WHAT THE TASK REQUIRES —
Copy nothing but the lines below running from the line containing "Neon Lips PB" through the line containing "ANELLO TRILOGY MODENA", both end lines included.

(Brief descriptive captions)
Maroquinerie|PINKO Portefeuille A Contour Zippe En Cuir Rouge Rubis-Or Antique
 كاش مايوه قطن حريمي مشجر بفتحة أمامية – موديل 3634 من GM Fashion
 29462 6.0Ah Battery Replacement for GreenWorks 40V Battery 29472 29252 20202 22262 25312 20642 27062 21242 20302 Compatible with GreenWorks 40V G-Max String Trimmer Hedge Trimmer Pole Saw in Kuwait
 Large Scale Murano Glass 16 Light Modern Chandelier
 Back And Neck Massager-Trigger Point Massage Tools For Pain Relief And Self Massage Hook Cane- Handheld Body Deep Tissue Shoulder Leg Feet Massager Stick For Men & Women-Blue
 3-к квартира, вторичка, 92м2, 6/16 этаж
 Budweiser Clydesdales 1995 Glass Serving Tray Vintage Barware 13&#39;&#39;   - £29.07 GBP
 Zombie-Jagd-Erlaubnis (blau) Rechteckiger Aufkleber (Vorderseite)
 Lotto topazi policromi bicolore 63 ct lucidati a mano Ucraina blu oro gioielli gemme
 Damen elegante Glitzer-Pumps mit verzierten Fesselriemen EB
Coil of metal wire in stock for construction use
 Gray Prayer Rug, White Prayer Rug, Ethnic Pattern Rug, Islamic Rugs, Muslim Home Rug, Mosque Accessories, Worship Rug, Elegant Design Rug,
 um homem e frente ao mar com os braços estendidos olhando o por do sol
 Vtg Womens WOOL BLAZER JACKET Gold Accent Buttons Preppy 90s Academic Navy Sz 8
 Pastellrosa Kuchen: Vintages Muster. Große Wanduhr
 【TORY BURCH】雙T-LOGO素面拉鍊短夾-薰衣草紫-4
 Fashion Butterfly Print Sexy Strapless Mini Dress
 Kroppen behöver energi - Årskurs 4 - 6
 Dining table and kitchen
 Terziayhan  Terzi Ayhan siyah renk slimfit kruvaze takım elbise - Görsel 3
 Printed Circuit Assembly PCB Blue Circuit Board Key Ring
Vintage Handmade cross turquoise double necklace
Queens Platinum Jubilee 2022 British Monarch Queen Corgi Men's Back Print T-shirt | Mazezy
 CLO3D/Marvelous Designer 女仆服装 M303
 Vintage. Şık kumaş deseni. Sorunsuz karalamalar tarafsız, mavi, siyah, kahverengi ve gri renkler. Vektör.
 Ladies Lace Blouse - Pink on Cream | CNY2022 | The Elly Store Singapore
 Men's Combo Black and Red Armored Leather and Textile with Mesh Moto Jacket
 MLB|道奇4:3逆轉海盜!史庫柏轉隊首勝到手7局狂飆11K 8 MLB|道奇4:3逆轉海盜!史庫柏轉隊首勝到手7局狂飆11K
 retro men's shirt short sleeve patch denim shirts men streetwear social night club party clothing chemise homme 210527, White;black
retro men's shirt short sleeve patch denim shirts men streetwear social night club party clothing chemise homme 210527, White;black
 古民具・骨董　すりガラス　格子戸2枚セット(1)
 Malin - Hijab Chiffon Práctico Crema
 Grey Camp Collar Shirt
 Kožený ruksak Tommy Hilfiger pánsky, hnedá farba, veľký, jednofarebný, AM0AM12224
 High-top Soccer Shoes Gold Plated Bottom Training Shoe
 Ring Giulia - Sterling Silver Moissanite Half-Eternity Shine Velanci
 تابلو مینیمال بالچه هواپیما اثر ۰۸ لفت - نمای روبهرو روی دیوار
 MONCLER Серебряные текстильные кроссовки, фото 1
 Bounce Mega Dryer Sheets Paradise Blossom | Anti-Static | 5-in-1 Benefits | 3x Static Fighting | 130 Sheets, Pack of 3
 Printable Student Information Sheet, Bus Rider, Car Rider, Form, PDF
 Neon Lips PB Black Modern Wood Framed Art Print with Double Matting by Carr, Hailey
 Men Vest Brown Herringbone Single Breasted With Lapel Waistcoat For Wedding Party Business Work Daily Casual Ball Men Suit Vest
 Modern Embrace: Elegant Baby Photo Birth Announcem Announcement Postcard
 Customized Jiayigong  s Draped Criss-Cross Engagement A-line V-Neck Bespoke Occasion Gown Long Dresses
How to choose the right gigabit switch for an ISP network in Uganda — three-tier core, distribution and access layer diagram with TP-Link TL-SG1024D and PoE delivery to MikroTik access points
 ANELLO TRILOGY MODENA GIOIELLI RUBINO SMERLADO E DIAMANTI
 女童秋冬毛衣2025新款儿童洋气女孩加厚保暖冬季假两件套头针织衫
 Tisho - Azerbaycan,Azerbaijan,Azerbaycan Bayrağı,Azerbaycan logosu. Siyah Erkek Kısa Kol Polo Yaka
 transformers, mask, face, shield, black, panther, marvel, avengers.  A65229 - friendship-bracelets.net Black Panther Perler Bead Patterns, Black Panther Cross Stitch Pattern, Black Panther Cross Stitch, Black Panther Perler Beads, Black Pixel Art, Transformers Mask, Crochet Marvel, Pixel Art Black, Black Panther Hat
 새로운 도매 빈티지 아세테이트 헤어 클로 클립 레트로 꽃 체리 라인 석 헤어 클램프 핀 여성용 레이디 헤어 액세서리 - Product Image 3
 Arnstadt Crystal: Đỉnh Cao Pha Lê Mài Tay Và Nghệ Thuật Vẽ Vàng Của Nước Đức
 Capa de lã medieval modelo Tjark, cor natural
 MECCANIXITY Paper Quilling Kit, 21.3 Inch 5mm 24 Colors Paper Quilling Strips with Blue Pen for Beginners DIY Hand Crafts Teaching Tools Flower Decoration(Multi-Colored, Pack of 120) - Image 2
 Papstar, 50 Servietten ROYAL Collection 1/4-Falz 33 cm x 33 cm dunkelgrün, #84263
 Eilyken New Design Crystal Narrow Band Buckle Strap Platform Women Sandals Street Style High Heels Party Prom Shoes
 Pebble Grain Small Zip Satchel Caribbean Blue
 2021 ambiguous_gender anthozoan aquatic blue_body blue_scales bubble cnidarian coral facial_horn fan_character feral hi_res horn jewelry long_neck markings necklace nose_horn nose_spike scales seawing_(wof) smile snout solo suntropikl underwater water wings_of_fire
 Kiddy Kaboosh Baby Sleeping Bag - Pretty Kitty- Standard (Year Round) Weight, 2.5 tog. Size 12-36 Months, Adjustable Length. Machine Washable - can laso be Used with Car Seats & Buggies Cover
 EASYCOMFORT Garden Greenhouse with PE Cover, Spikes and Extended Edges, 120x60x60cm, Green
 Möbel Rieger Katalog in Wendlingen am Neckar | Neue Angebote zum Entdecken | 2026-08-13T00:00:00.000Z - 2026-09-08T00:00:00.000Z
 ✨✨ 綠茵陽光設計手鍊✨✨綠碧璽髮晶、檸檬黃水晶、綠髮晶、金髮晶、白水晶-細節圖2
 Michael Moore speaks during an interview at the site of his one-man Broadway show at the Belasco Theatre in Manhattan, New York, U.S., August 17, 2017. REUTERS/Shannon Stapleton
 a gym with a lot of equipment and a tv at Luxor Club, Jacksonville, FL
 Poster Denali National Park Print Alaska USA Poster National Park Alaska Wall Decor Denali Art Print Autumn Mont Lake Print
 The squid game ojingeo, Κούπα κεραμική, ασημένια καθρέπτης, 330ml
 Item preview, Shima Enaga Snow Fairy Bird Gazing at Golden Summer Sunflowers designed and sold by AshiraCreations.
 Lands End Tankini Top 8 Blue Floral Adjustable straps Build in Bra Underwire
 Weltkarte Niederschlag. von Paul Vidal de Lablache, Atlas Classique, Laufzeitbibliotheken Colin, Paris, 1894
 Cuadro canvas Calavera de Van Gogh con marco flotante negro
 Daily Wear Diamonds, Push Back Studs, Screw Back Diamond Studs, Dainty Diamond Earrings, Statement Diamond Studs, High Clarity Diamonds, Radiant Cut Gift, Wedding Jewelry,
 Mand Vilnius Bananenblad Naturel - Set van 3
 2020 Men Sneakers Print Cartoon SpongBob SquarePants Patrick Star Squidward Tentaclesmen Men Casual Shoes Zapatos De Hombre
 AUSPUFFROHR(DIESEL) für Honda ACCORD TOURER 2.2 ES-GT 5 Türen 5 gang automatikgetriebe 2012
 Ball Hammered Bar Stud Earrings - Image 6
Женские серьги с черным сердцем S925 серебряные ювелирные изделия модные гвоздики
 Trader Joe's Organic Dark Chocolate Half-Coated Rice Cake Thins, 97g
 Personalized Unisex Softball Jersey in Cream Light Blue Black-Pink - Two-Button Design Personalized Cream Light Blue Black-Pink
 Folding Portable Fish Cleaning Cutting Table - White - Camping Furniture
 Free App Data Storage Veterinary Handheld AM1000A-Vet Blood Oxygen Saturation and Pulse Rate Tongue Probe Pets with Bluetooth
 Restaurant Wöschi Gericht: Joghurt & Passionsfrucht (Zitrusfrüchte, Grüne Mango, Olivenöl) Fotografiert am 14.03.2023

TASK OUTPUT —
 Neon Lips PB Black Modern Wood Framed Art Print with Double Matting by Carr, Hailey
 Men Vest Brown Herringbone Single Breasted With Lapel Waistcoat For Wedding Party Business Work Daily Casual Ball Men Suit Vest
 Modern Embrace: Elegant Baby Photo Birth Announcem Announcement Postcard
 Customized Jiayigong  s Draped Criss-Cross Engagement A-line V-Neck Bespoke Occasion Gown Long Dresses
How to choose the right gigabit switch for an ISP network in Uganda — three-tier core, distribution and access layer diagram with TP-Link TL-SG1024D and PoE delivery to MikroTik access points
 ANELLO TRILOGY MODENA GIOIELLI RUBINO SMERLADO E DIAMANTI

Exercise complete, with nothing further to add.